De acordo com uma lei estadual que entra em vigor em novembro, quem topar com cervos, alces e antílopes mortos – ou atingi-los com seus veículos – poderá levar os animais para casa.
“Se há uma coisa boa lá, por que não usá-la?”, disse Steve Lavin, autor da lei. “Se o veículo de alguém passa por um dano, por que não deixar que se use esse animal como alimento?”.
Lavin, que é também capitão da Patrulha Rodoviária de Montana, era obrigado a informar a pessoas que tivessem atingido um cervo ou alce que era proibido levá-los embora. Ele contou que mandava os animais para um banco de alimentos. Agora, eles poderão ser recolhidos, mediante uma autorização gratuita.
Outros Estados dos EUA têm leis semelhantes. No Colorado, as pessoas podem levar os animais atropelados se autorizados pela Divisão de Parques e Vida Selvagem. “O objetivo é garantir que a carne não vá para o lixo, mas também garantir que as pessoas não cacem com seus veículos”, disse Randy Hampton, porta-voz da divisão.

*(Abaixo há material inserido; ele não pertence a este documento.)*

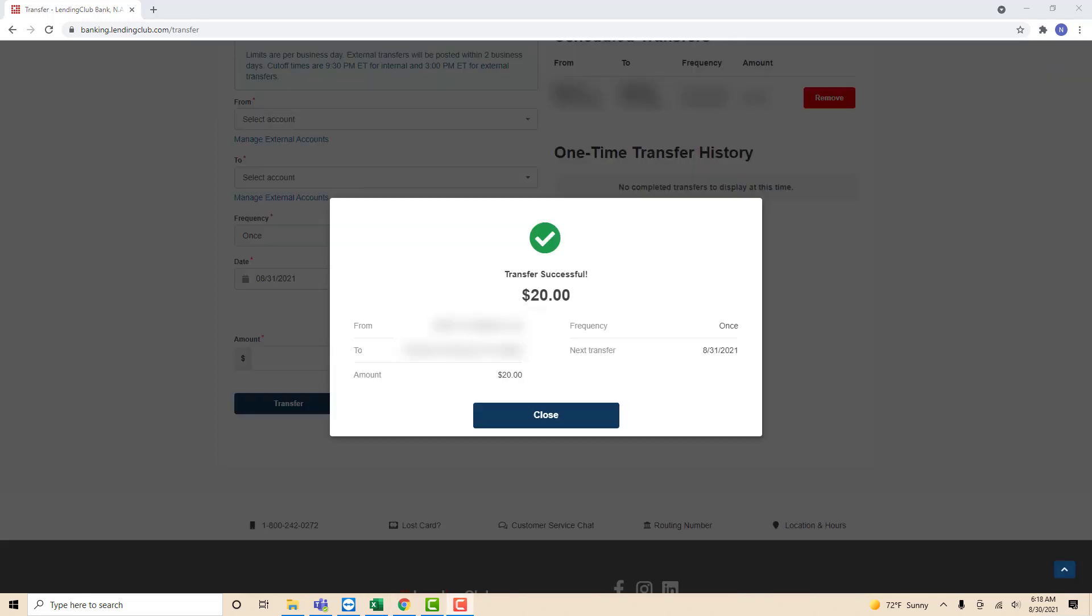And now you will see a message that says Transfer Successful. That's how you transfer funds to your Lending Club Bank account.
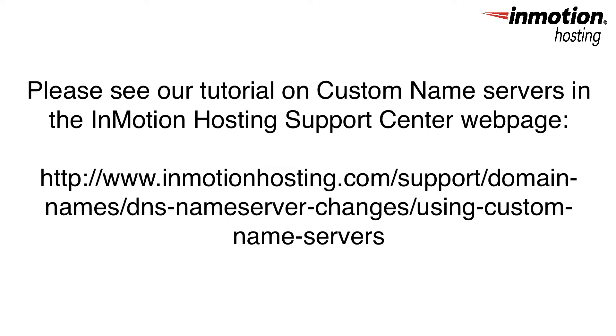We have a pretty good tutorial on using custom name servers in our Support Center website, so please make sure to go and check that out.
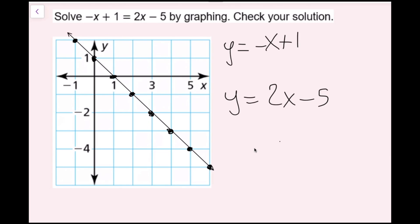Now I'm graphing y equals 2x minus 5 in red. The slope is 2 and the y-intercept is negative 5. From that point I go up 2, right 1. I can already tell where these lines are going to intersect, but I still graph the full line.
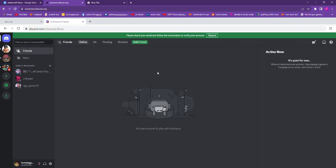If you log in like for the first time on this, it might say that you have a new login device detected. So you might want to have the email that you have for this account on your phone.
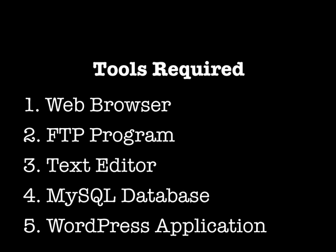You'll need a MySQL database and a way to create a MySQL database on your server. I'll be showing you what I'm using today. I'll be using the MySQL administrator tool, which is a free program you can download from MySQL.com. You'll also need the WordPress application, which you can get for free from WordPress.org.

Sonny Lawson, que mora na Carolina do Sul e caça em Montana, apoiou a lei. Ele caça nesse Estado e diz que considera uma vergonha desperdiçar os animais mortos que costuma ver nas estradas.
Todos os anos, voltando para casa, Lawson recolhe três ou quatro cervos dos acostamentos, e usa a carne para fazer bifes e hambúrgueres. “Fazemos isso o tempo todo. Não dá para saber a diferença”.

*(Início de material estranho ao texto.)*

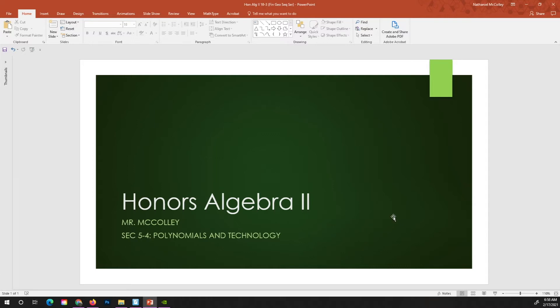Good day. I am Professor McCulley. This is Honors Algebra 2 and this is the lesson for section 5.4, Polynomials and Technology. Let's get right to it.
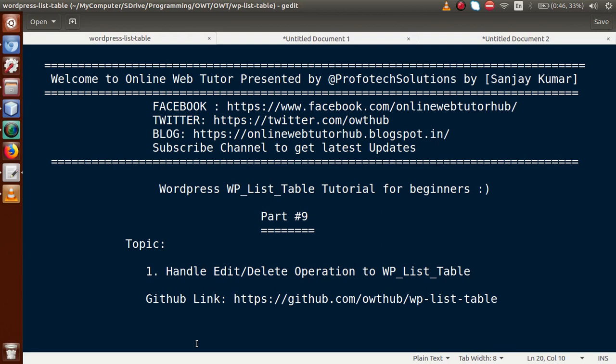Hello guys, welcome to Online Web Tutor presented by Pro Photo Solutions team. I am Sanjay. We are learning WordPress WP List Table tutorial for beginners, and this is part 9. In this video session, we will discuss how we can handle edit and delete operations in our WP List Table. If you are a beginner to this channel, please don't forget to subscribe and keep watching our previous video sessions.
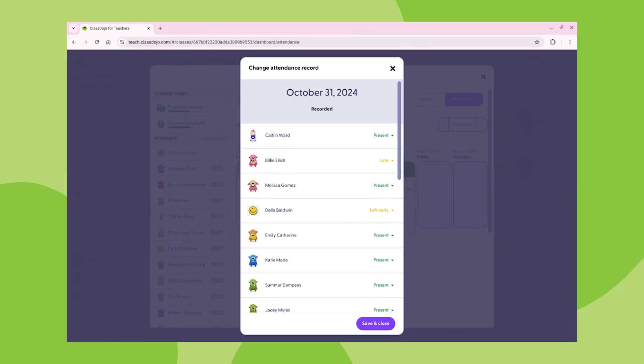And there you have it, a simple and efficient way to streamline your daily routine by taking attendance on ClassDojo.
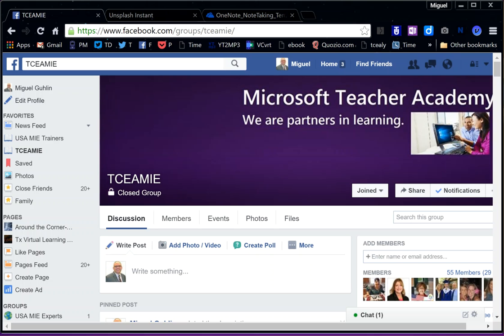Thanks for watching this video, TCEA Microsoft Innovative Educators. This is your host, Miguel Guhlin. The TCEA MIE group is growing fast. We already have 55 members in two weeks and we're getting bigger every day.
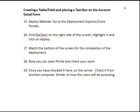Now you can check your work by opening the portal right there on that screen. And then once we've checked it there on the server, we want to check it from another computer, similar to how the users will actually be accessing it. So those are the 19 different steps that we're going to take in order to add our field onto our account details view.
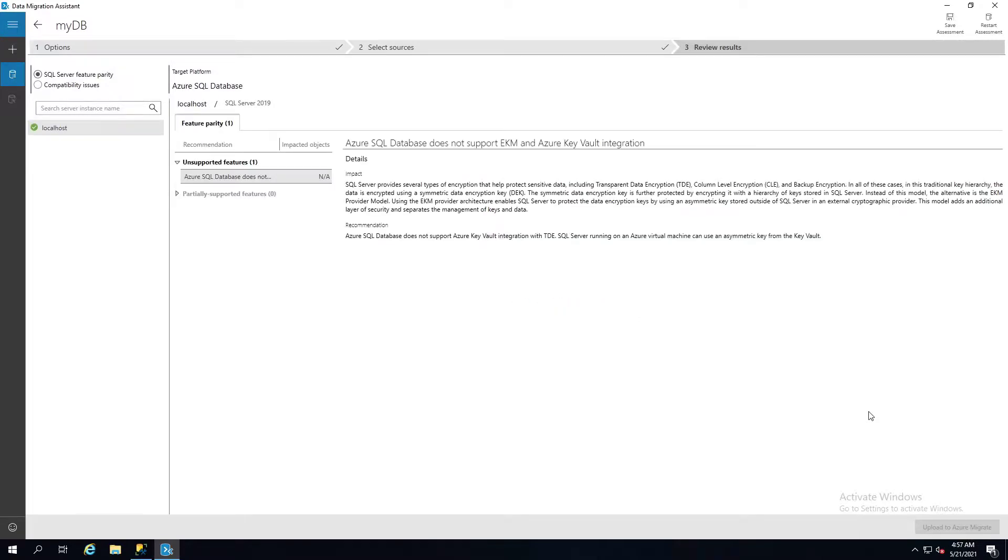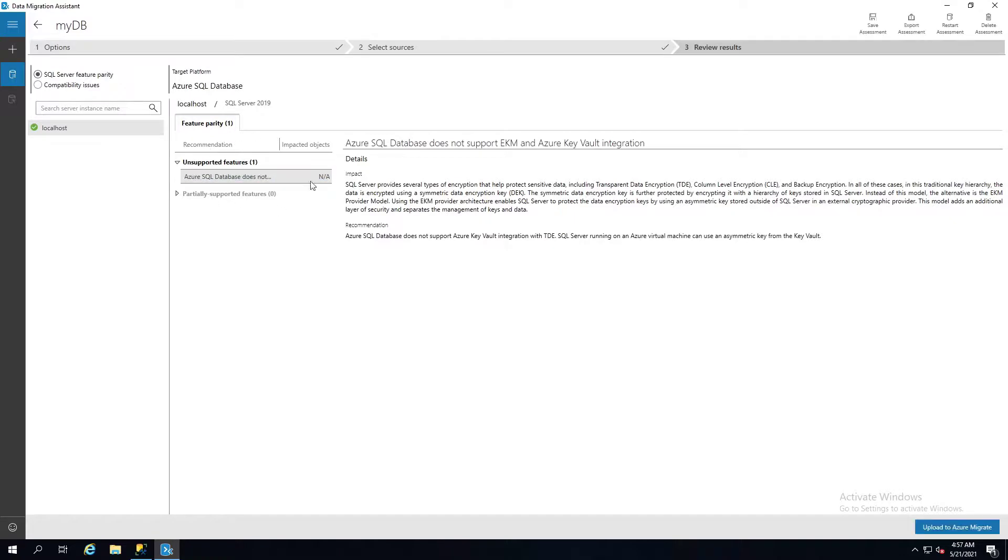Once you have everything set up, you can simply hit Start Assessment and it's going to run the assessment. Usually this runs fairly quickly, depending on the complexity of your database, but given that this is not a very complex database, it's very small. It's going to show me the kinds of things I might need to change.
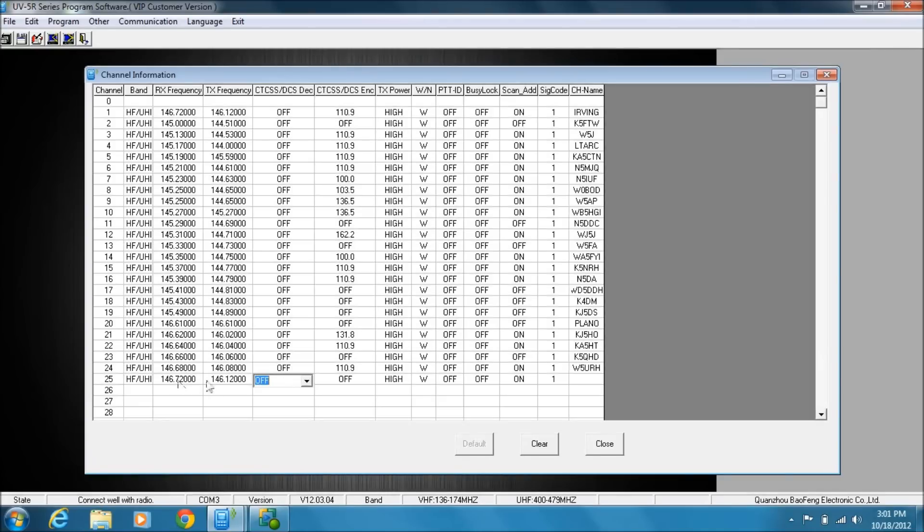The difference there between .7 and .1 is the typical offset frequency for most repeaters.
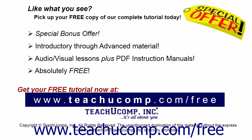Like what you see? Pick up your free copy of the complete tutorial at www.teachucomp.com/free.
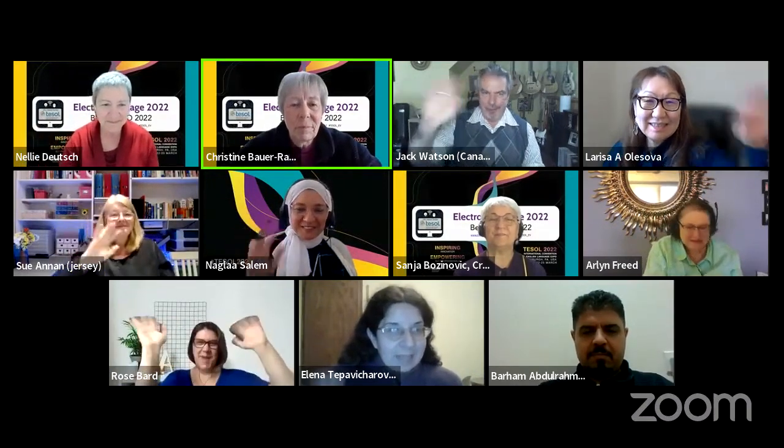Thank you on behalf of EVO and TESOL and the CALL IS for being here. Thank you, we enjoyed your participation. Bye, everyone.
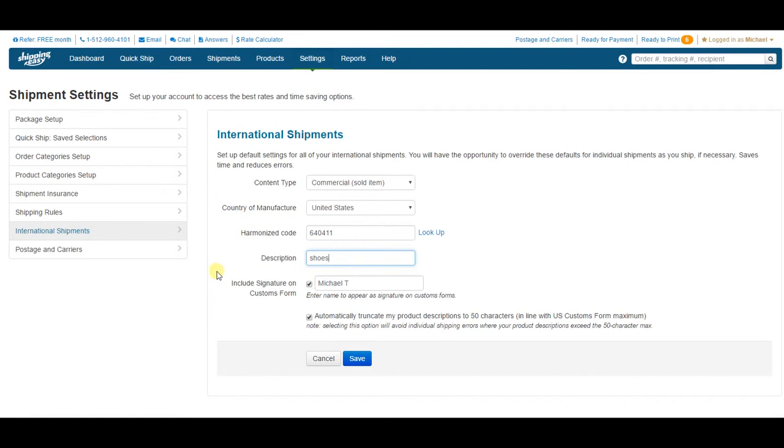Moving down to Include Signature on Customs Form. Check the box and enter the name you'd like to use to sign your customs form. This will automatically sign the forms, saving you time and headaches caused by unsigned forms.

O culinarista Sandor Katz abordou o assunto em 2006, no livro “The Revolution Will Not Be Microwaved: Inside America’s Underground Food Movements” (A revolução não será preparada no micro-ondas: por dentro dos movimentos culinários subterrâneos dos EUA).
Mas fazer cozidos e bifes com animais mortos na estrada não é simples. A carne precisa ser fresca e não estar muito machucada, segundo Nick Bennett, dono da Montana Mobile Meats, empresa de processamento de carne de caça. “Não há razão para não consumi-la; ela é boa”, afirmou.
A comida atropelada já fez parte de um concurso culinário na Virgínia Ocidental, com animais encontrados em acostamentos.
O menu de 2012 incluía cozido de gambá, teriyaki de cervo e o vencedor: um prato (supostamente) de urso recheado, com molho de marmota. “Uma vez cozinharam uma cascavel em alguma espécie de caldo, e botaram a cascavel inteira lá”, disse David Cain, o organizador. “Aquilo foi duro para mim, mas superamos”.